“Hello Charpi” radio campaign: the last push for an ODF Salyan
Rapid progress in sanitation coverage slowed down after 2015. Households belonging to the last mile were proving difficult to reach. Sanitation triggering initiatives failed to inspire improvements in sanitation. Some families were still expecting subsidies to construct their own toilets. In 2015, the Salyan district was the only district out of five that had not achieved Open-Defecation-Free (ODF) status in the Rapti zone (Province 6).
Together with our implementing partner PASS Nepal, I approached the Water Supply and Sanitation Divisional Office in search of other means to take sanitation forward in Salyan. During a meeting with representatives from FM radio stations, the idea of the “Hello Charpi” (Hello Toilet) call-in radio campaign was born.

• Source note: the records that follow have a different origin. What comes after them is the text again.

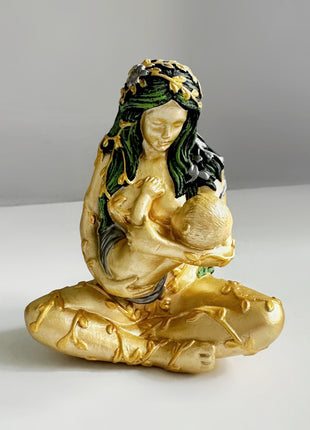 Gaia Goddess Statue with Baby, Mother Earth Figurine, Sacred Feminine Altar Decor, New Mom Gift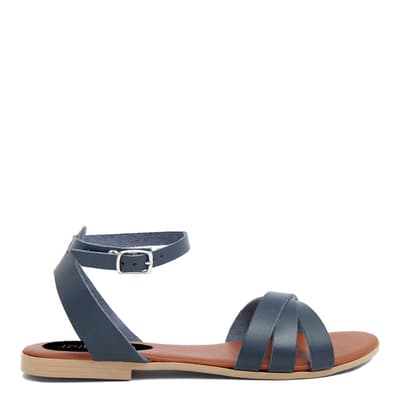 Blue Leather Strappy Flat Sandals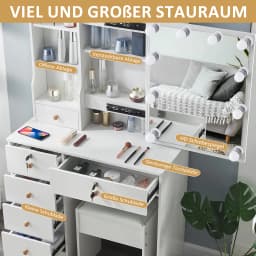 3 Color Lights White Makeup Vanity Desk with 6 Drawers, LED Dressing Table Set with Storage & Strip Light, Adjustable Color Temperature Mirror for Bedroom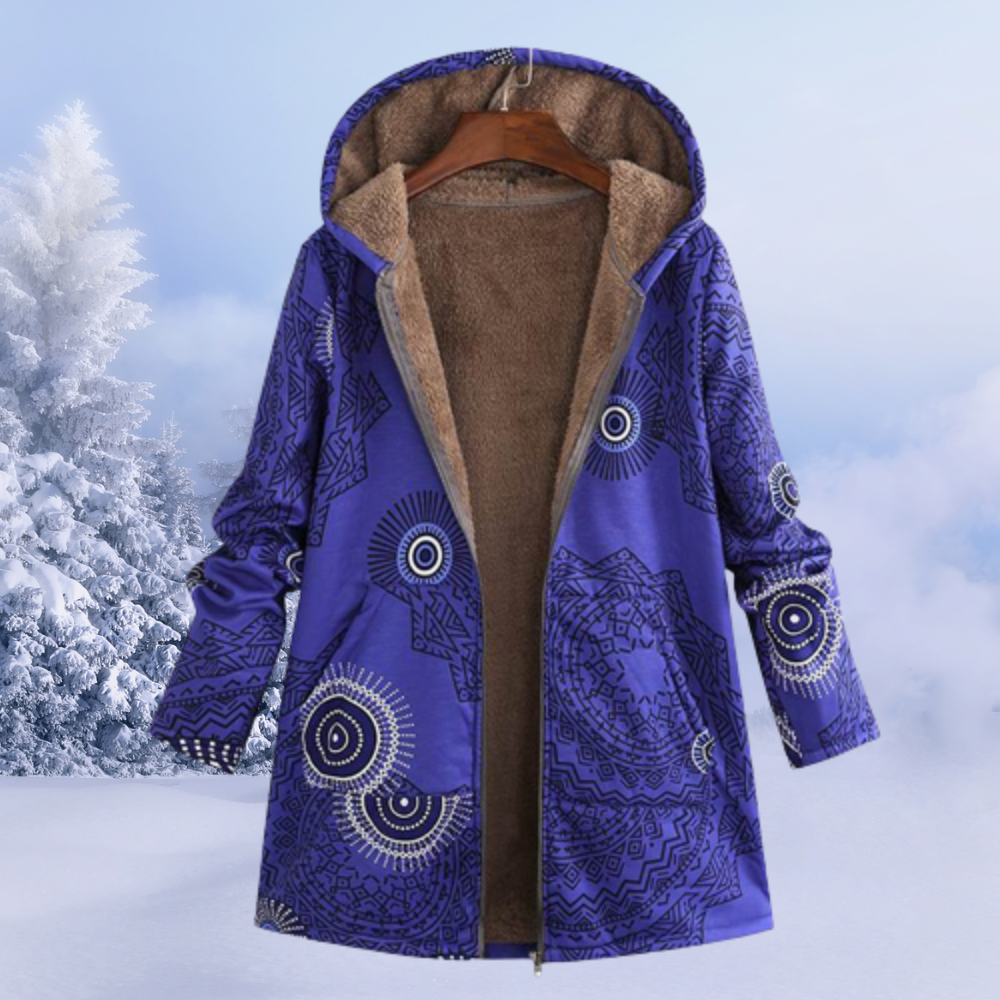 Nasya | Abrigo Floral con Capucha y Forro Polar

To prepare for the campaign, PASS Nepal collected the contact details of all households in the district who did not have a toilet. With the permission of households, their contact details were then shared to the programme host of the Hello Charpi call-in radio campaign.
During these call-ins, the programme host chatted with the household head. As a long-standing media personality, the host successfully created an engaging environment for lively discussions to take place. As chats progressed, he would then dive into the importance of toilets for the betterment of health and trigger the community's pride. The host also provided information about affordable toilet options, and where could these be purchased in the market. The conversation would then end with a commitment shared with a public audience. A commitment that the family would construct a toilet within a few weeks. Weeks after the interviews, PASS Nepal field staff would then visit households to follow-up on their commitment.
From December 2015 to April 2016, 'Hello Charpi' was a 45-minute radio segment aired three times a week. It hosted three to four interviews per segment. A total of 240 households were engaged over the phone. As a result of these live interviews, over a four-month period, an additional 1,200 households from eight VDCs (Village Development Committees) felt inspired to build their own latrines.